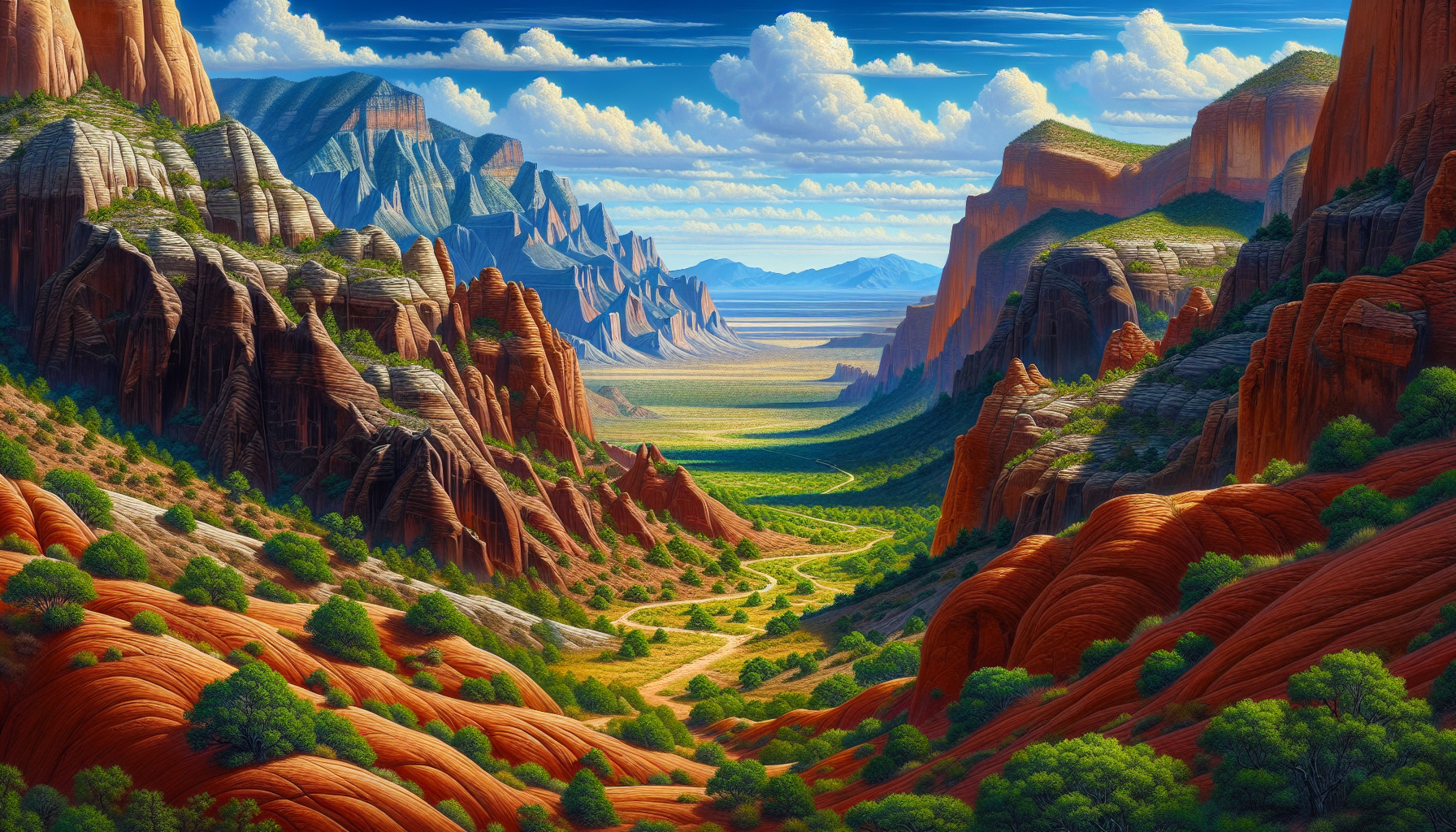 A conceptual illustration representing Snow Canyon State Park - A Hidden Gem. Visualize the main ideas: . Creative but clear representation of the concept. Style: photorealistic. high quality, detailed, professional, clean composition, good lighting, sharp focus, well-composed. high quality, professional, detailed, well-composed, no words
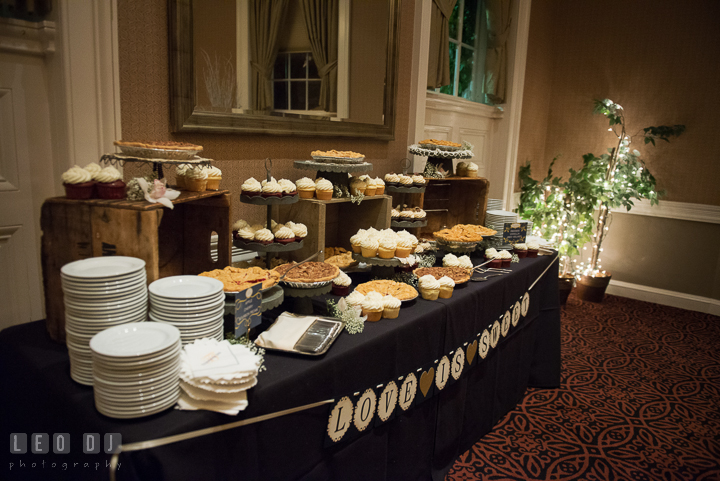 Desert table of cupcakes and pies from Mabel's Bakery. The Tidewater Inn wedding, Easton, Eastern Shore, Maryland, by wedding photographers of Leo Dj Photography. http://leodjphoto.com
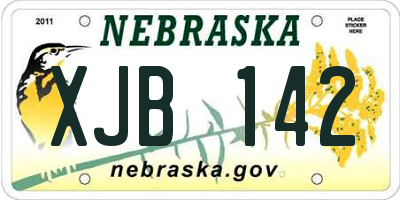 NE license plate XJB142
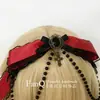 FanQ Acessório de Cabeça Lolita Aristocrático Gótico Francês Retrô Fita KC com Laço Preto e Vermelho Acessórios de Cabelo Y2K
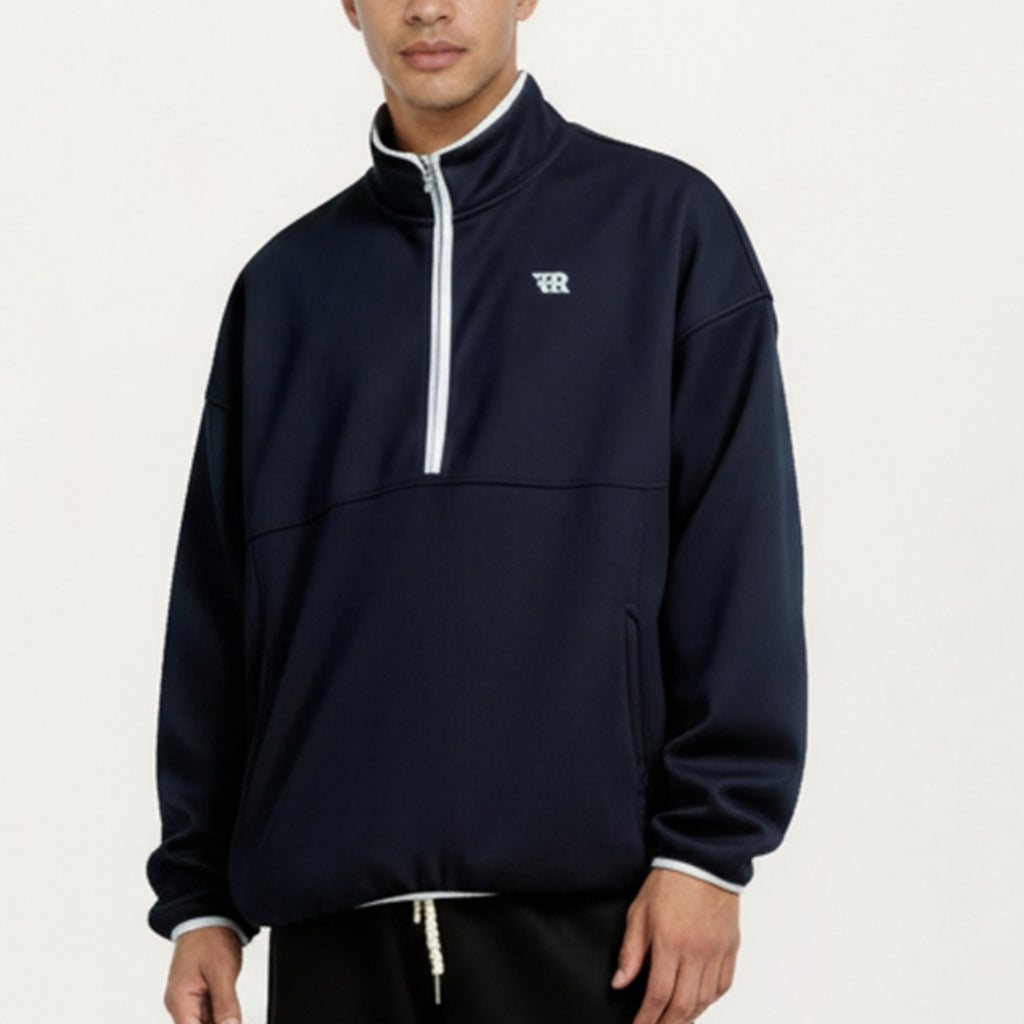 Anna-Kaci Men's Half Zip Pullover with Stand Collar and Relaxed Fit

::::

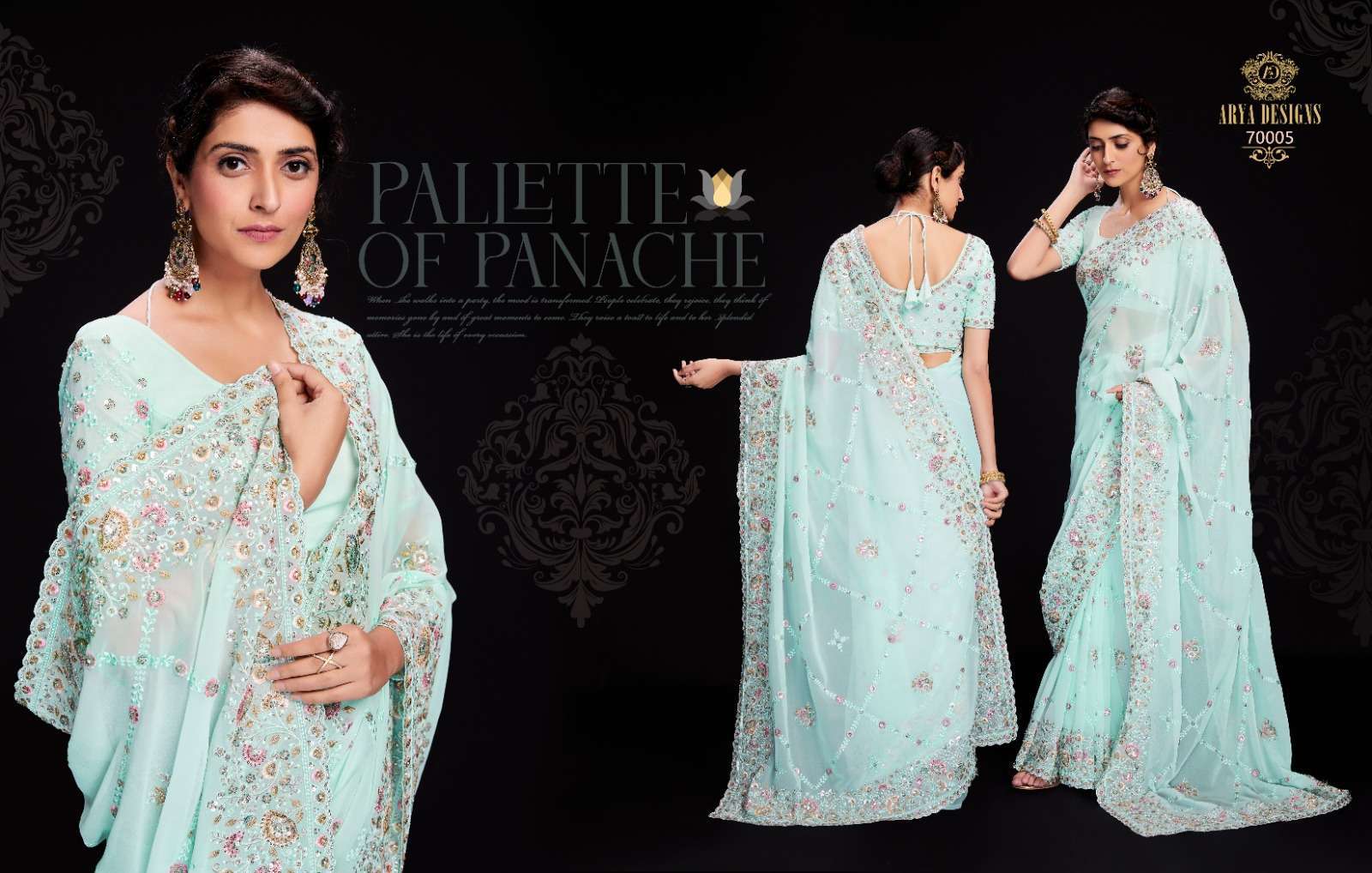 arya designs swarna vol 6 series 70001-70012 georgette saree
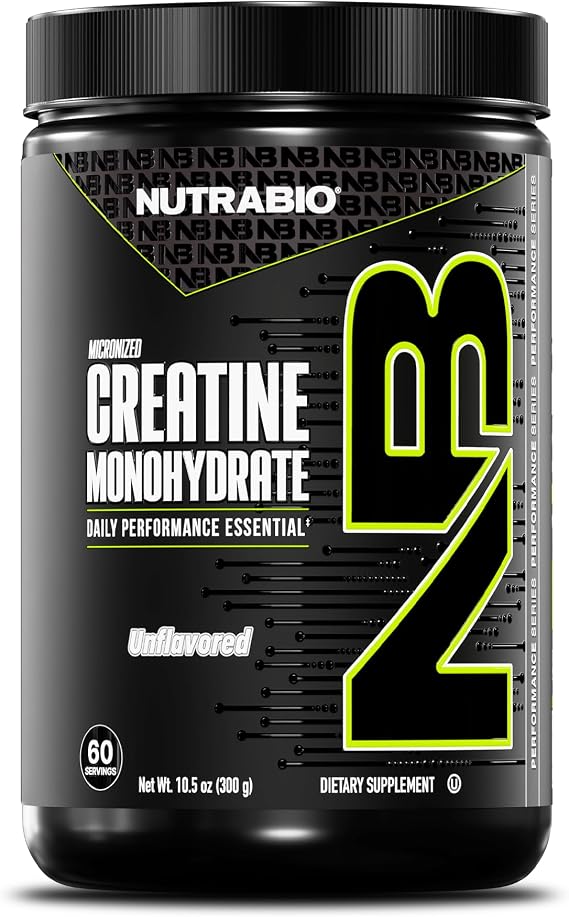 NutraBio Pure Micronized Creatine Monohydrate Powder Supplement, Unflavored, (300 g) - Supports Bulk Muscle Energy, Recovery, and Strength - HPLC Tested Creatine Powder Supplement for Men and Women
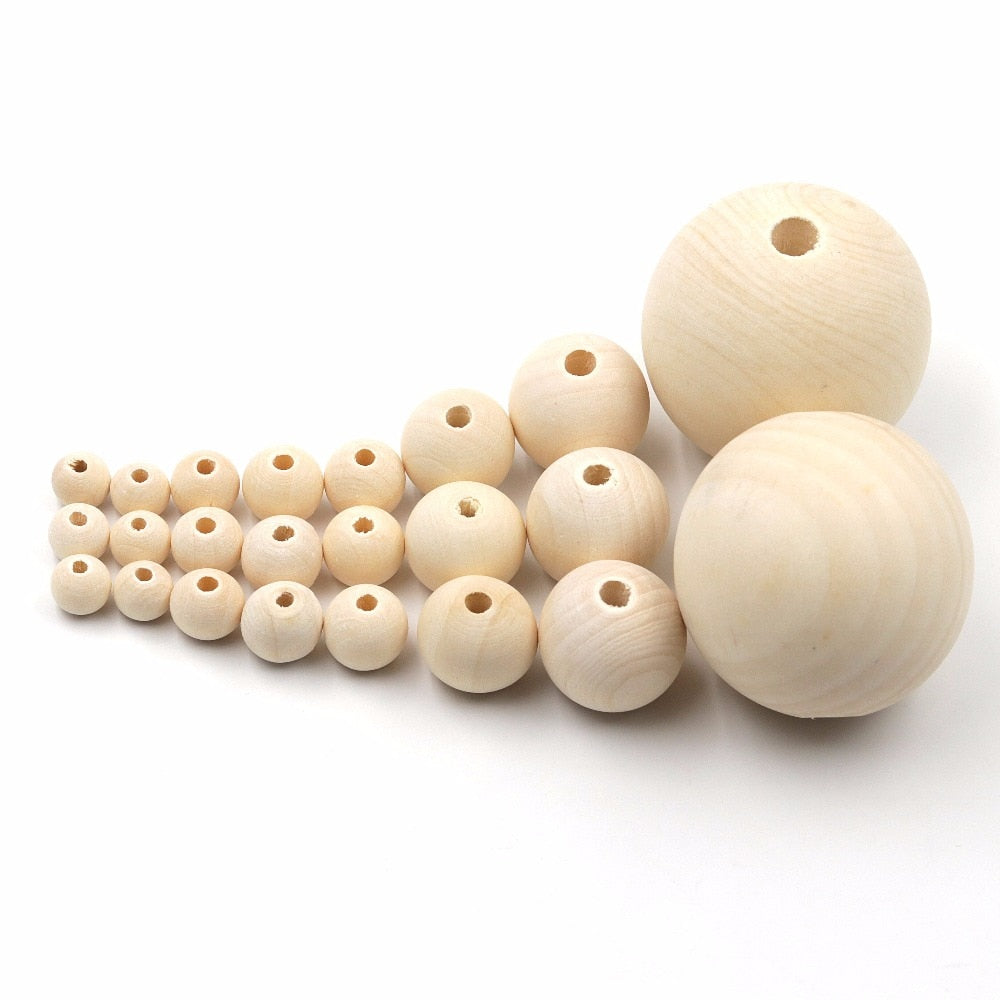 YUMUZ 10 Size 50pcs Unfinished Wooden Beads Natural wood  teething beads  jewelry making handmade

::::

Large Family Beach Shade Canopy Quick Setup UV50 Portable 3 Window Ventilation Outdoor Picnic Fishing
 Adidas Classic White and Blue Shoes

::::

Everything between and including the line above containing "NutraBio Pure Micronized" and the line containing "YUMUZ 10 Size" should be reproduced exactly, with pictures excluded.

> Task output
 NutraBio Pure Micronized Creatine Monohydrate Powder Supplement, Unflavored, (300 g) - Supports Bulk Muscle Energy, Recovery, and Strength - HPLC Tested Creatine Powder Supplement for Men and Women
 YUMUZ 10 Size 50pcs Unfinished Wooden Beads Natural wood  teething beads  jewelry making handmade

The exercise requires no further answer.